Pada tahap keempat dari suluk-nya Ahmad Sadali dalam seni lukis dimulai sejak tahun 1963 sampai dengan 1968. Di tahap keempat ini Ahmad Sadali sudah banyak melakukan berbagai eksperimentasi. Ia tinggalkan objek alam, dan perhatiannya dipusatkan pada abstraksi pikiran dan imajinasi. Setelah itu, di tahap kelima, barulah ia menampilkan diri sebagai pelukis kaligrafi di mana ia mulai menggunakan warna emas sebagai simbol cahaya yang sangat hakiki dalam seni lukis Islam sebagai lambang pencerahan kalbu.

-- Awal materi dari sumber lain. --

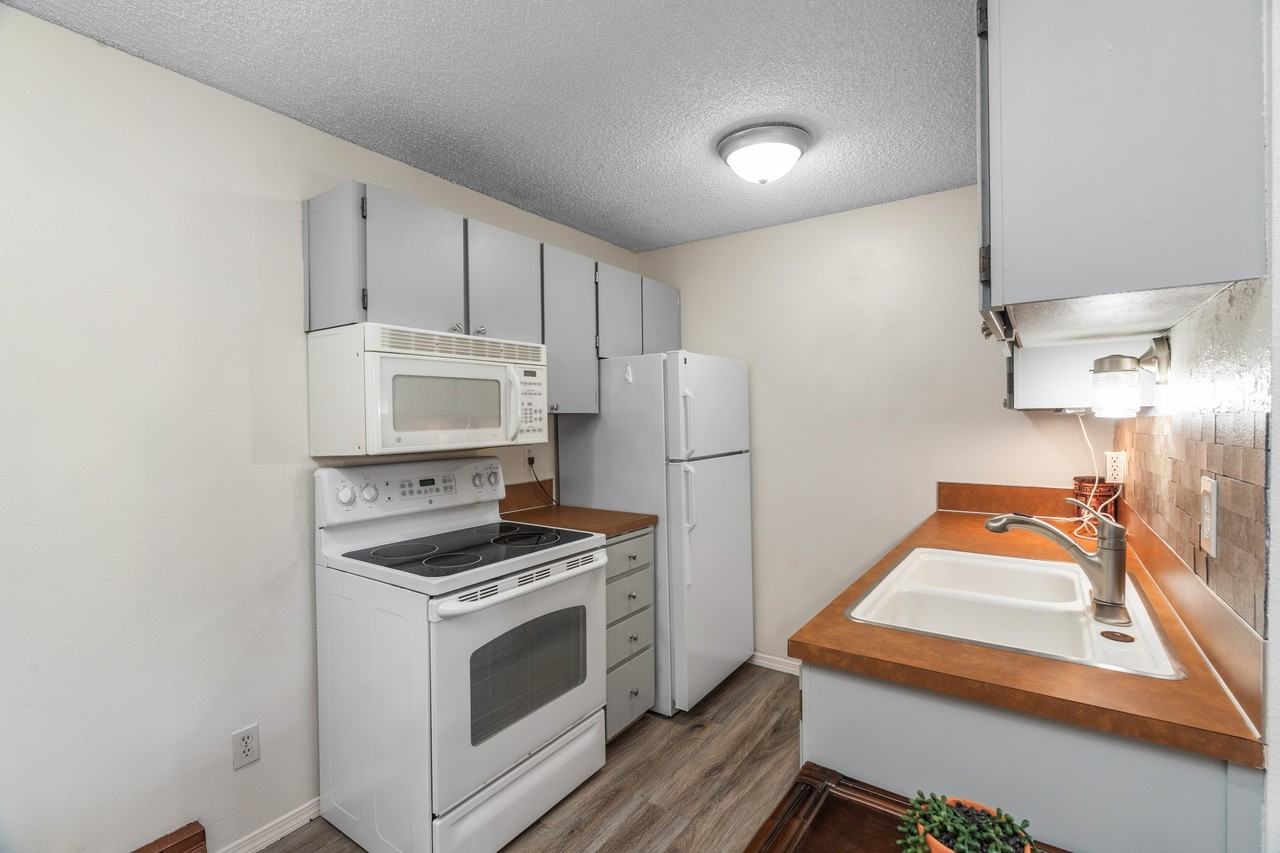 Ocean Ct Nw #104 - Photo 5 of 22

Tahap kelima ini berkisar dari tahun 1968 hingga 1987. Gunungan Pertama dengan Sisa-sisa Emas adalah lukisannya yang terbaik di tahap ini.
Ahmad Sadali versus Lekra
Berdasarkan penuturan Abdul Hadi WM, sepanjang kariernya sebagai pelukis, Ahmad Sadali tak pernah sepi dari terjangan ombak. Bahkan kerap ia mendapat tentangan, kritik, kecaman dan serangan dari seniman dan pelukis lain. Terutama saat ia mencurahkan perhatiannya pada lukisan-lukisan bergaya abstrak. Seniman dan pelukis lain yang menyerang Ahmad Sadali, adalah mereka yang mengusung aliran seni dengan gaya realisme sosial, terutama mereka yang berkecimpung dalam Lembaga Kebudayaan Rakyat (Lekra).

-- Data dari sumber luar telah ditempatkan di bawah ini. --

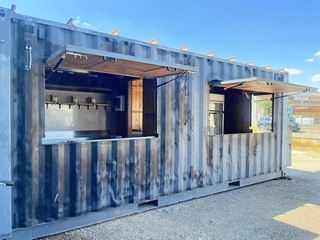 イタリア・ボローニャの災害ボランティア団体が所有するキッチンコンテナ。被災地へ運び、温食を提供する拠点になるという（神戸市提供）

Wadah berkecimpungnya seniman-seniman yang mendaku diri sebagai kelompok kiri ini mengusung ideologi seni untuk rakyat. Seniman-seniman yang bergabung dalam lembaga kebudayaan yang disebut-sebut sebagai underbouwnya Partai Komunis Indonesia ini, mengecam Ahmad Sadali dan menudingnya sebagai pelukis yang bergaya kebarat-baratan. Tak hanya itu saja. Lukisan-lukisan yang dihasilkan oleh Ahmad Sadali pun dianggap tidak sesuai dengan nilai-nilai dan kepribadian bangsa Indonesia.

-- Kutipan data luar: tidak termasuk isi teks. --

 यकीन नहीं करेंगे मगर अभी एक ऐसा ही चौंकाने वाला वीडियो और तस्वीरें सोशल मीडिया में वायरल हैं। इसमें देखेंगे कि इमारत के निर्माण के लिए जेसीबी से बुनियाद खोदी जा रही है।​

Padahal, menurut Abdul Hadi WM, gaya lukisan abstrak sudah lama ada di Dunia Timur, terutama dalam tradisi seni di Dunia Islam. Hal ini bisa dilihat pada seni kaligrafi dan lukisan geometris. Bahkan munculnya seni abstrak di Barat, sedikit banyak dipengaruhi oleh lukisan Timur. Di luar itu semua, dikarenakan pergulatannya dengan lukisan-lukisan abstrak, Ahmad Sadali pada akhirnya menyadari akan relevansi seni kaligrafi Islam. Unsur-unsur kaligrafis itulah yang kemudian membuat corak lukisan Ahmad Sadali memiliki corak religius.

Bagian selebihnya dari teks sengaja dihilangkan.